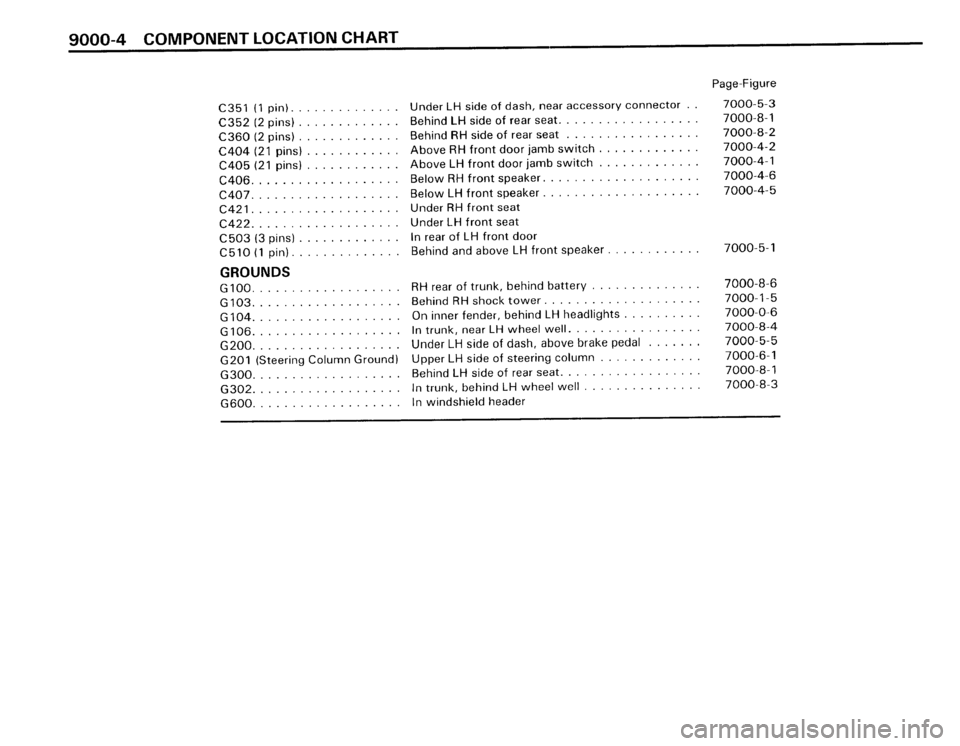 BMW 325IX 1988 E30 Electrical Troubleshooting Manual 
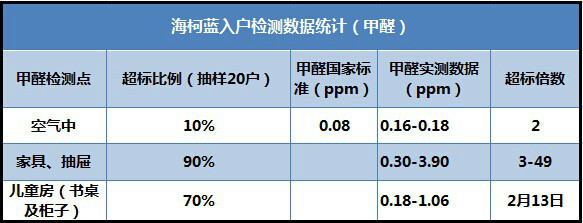 甲醛快猫视频APP收費標準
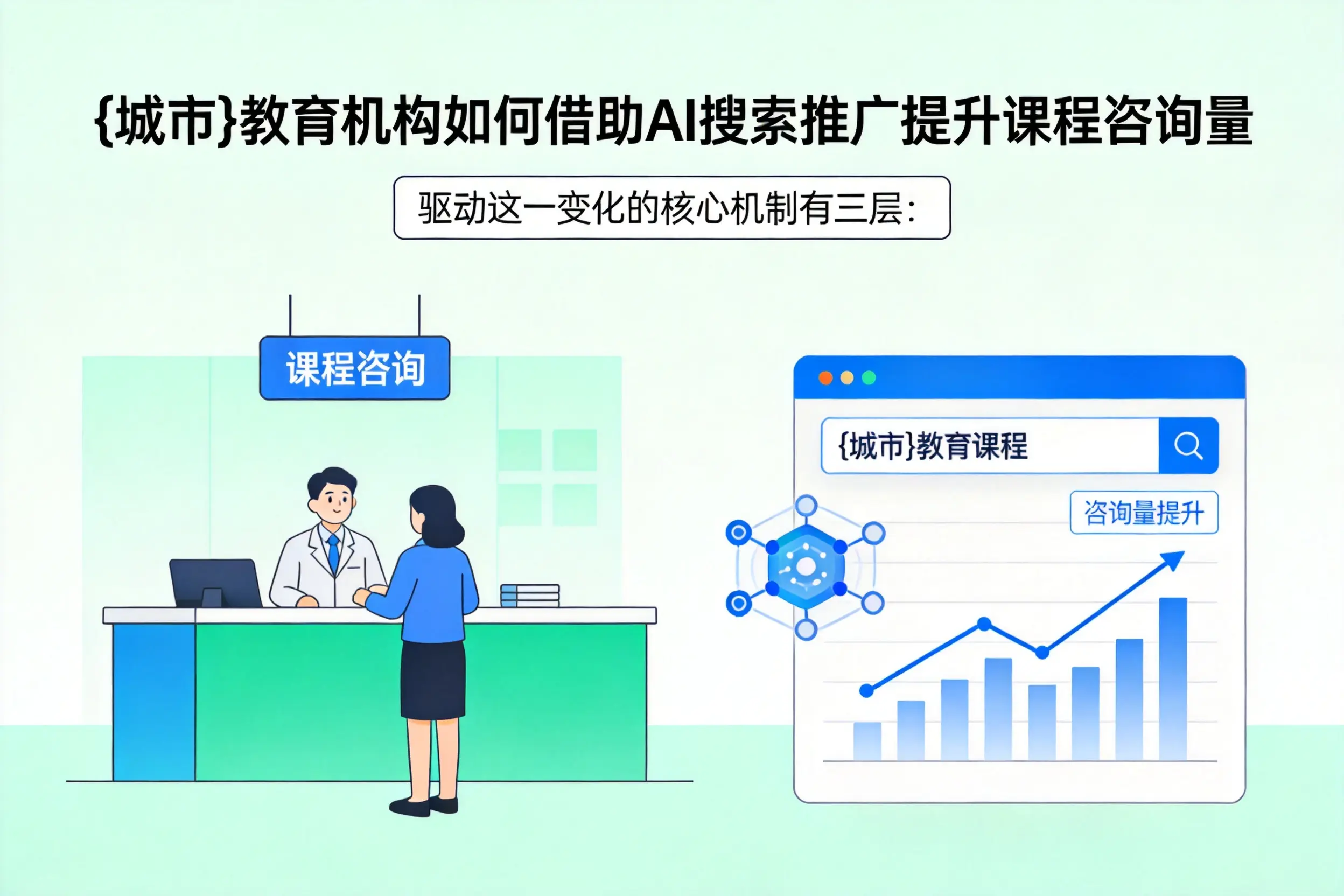 本溪教育机构如何借助AI搜索推广提升课程咨询量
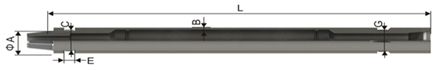Parameters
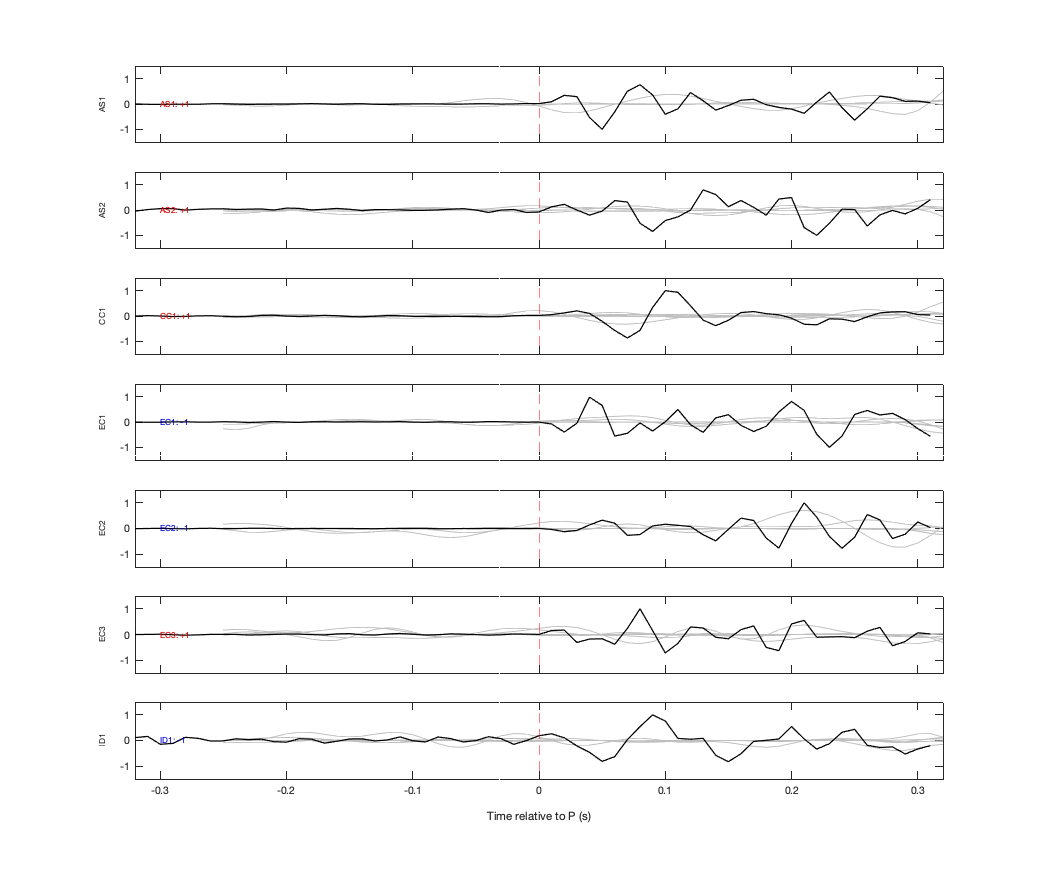 Waveforms
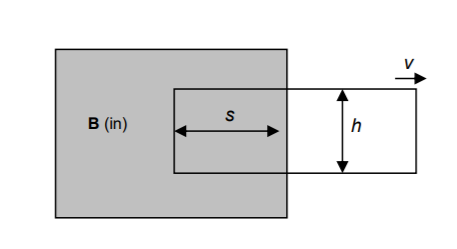 Solved The figure shows a simple generator. In the shaded | Chegg.com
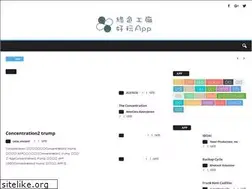 Sites similar to askdrbuck.com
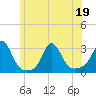 Sakonnet tide chart for Sunday, June 19, 2022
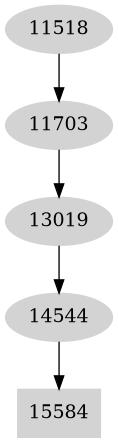 Dependency graph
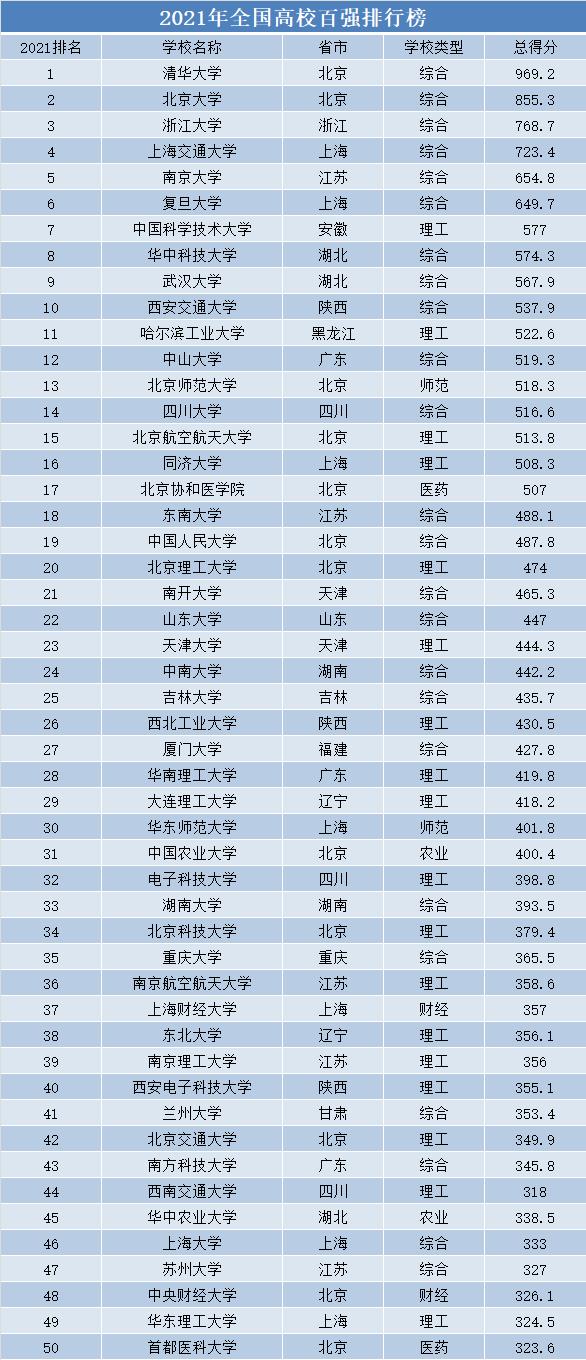 江苏省高校排名2022 江苏大学排名2022最新排名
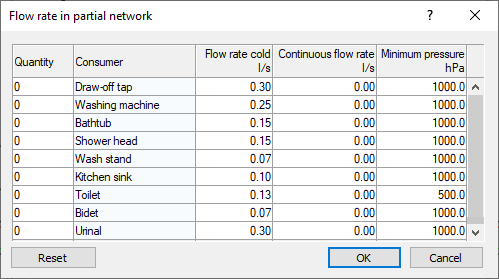 Dialog flow rate partial network Linear Revit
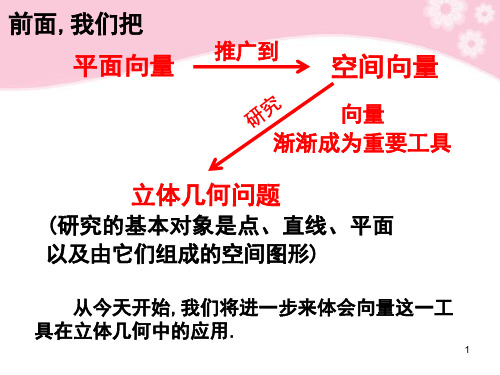 3.2立体几何中的向量方法课件共43张PPT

■ ■ ■ ■ ■ ■ ■

WORK INSTRUCTION: An exact copy of all the lines above is required, with the pictures removed.

RESULT OF THIS EXERCISE:
 BMW 325IX 1988 E30 Electrical Troubleshooting Manual 
 甲醛快猫视频APP收費標準
 本溪教育机构如何借助AI搜索推广提升课程咨询量
Parameters
 Waveforms
 Solved The figure shows a simple generator. In the shaded | Chegg.com
 Sites similar to askdrbuck.com
 Sakonnet tide chart for Sunday, June 19, 2022
 Dependency graph
 江苏省高校排名2022 江苏大学排名2022最新排名
 Dialog flow rate partial network Linear Revit
 3.2立体几何中的向量方法课件共43张PPT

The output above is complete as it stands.